DuckDB package size
Hey all, wanting to use duckdb for out parquet parsing needs. In our lambda functions. I ran npm install duckdb and it installed without issue. I am also able to successfully parse my parquet files. The problem comes when trying to deploy my lambda stack. When running a deployment, I get the error:
Resource handler returned message: "Unzipped size must be smaller than 262144000 bytes (Service: Lambda, Status Code: 400, Request ID: XXX)" (RequestToken: XXX, HandlerErrorCode: InvalidRequest)
When running du node_modules/duckdb, I can see that the package is 284400 KB, so 284.4 MB. This is way too big for any lambda to deploy with serverless. Is this the expected size of the duckdb package? If so, are there workarounds for this package size that duckdb can support?
I spawned a EC2 instance:
[ec2-user@ip-172-31-91-131 ~]$ sudo yum install npm
[ec2-user@ip-172-31-91-131 ~]$ npm install duckdb
[ec2-user@ip-172-31-91-131 ~]$ du -sh node_modules/duckdb/
113M node_modules/duckdb/
of
[ec2-user@ip-172-31-91-131 ~]$ du -sh node_modules/duckdb/*
4.0K node_modules/duckdb/LICENSE
4.0K node_modules/duckdb/Makefile
4.0K node_modules/duckdb/README.md
24K node_modules/duckdb/binding.gyp
4.0K node_modules/duckdb/binding.gyp.in
4.0K node_modules/duckdb/duckdb.js
53M node_modules/duckdb/lib
4.0K node_modules/duckdb/package.json
16K node_modules/duckdb/scripts
60M node_modules/duckdb/src
712K node_modules/duckdb/test
4.0K node_modules/duckdb/tsconfig.json
4.0K node_modules/duckdb/vendor
8.0K node_modules/duckdb/vendor.py
Of those the src folder is optional, can be removed and package will still be functional.
Can you share how did you got to 284.4 MB? Possibly building from source?
@sean-legitscript you can try to use the DuckDB Lambda Node Layer I maintain: https://github.com/tobilg/duckdb-nodejs-layer.
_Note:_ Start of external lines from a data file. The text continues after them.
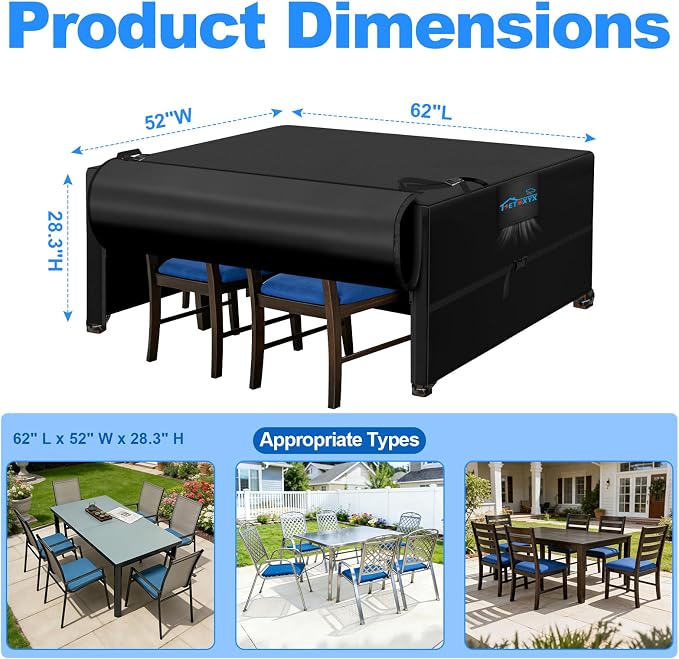 Outdoor Dining Table Cover, 600D Outdoor Furniture Set Covers, Waterproof Patio Table and Chair Set Cover with Flip-Open Zipper Design, Windproof Buckle Straps, 62" L x 52" W x 28.3" H - Image 3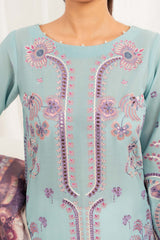 Aayra Stitched Summer Collection'2025-AY684 - Zephyr Blue 3Pc
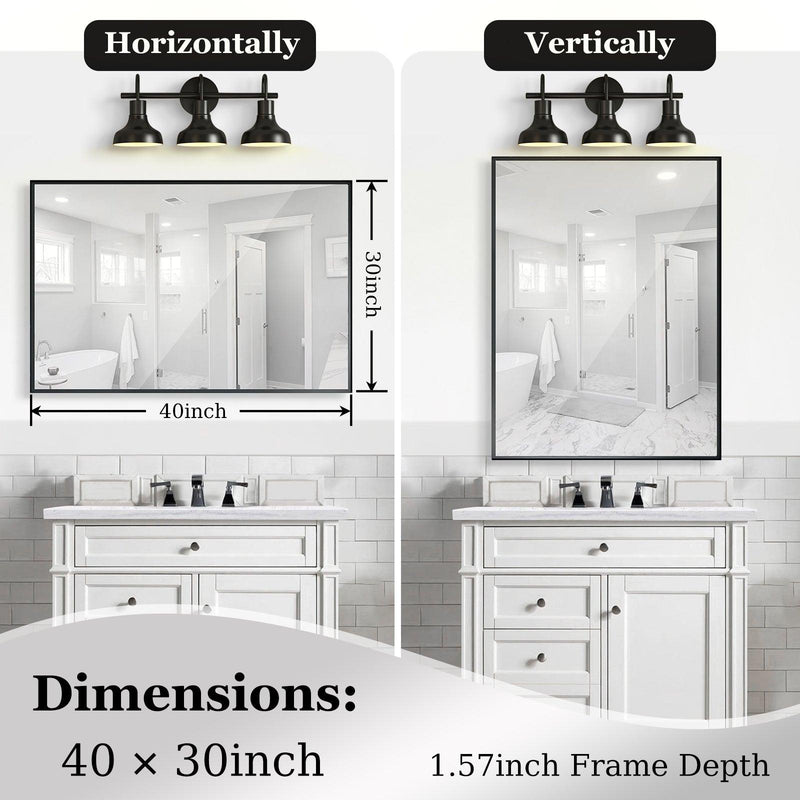 40x30inch Glossy Black Bathroom Mirrors For Wall Rectangle Vanity Mirror Corner Hangs Farmhouse Mirror Modern Metal Framed Rectangular Mirror, Decorative Square Corner Mirror(Horizontal & Vertical) - Supfirm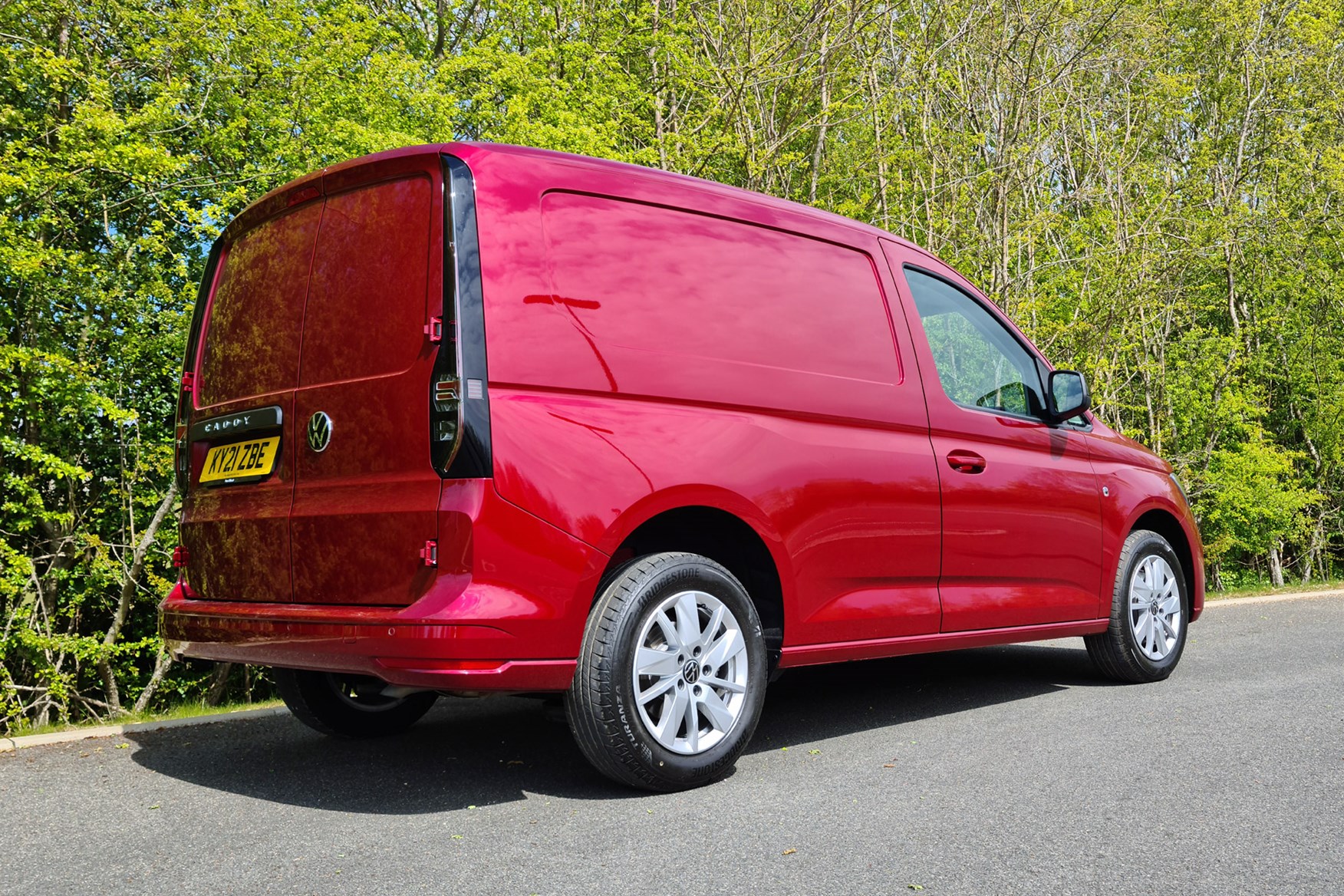 Volkswagen Caddy Cargo 1.5 TSI petrol review - rear view, red, low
Also, the "normal" DuckDB package should only work on Node 20 runtimes, because every runtime below uses Amazon Linux 2 which has GLIBC incompatibilities with the pre-compiled packages...
@carlopi I think the src/ and test/ directories could be removed before publishing (e.g. via .npmignore), right? They are not for the package to function IMO, only what's in lib/
Any updates eventually regarding my last comment @carlopi? Thanks!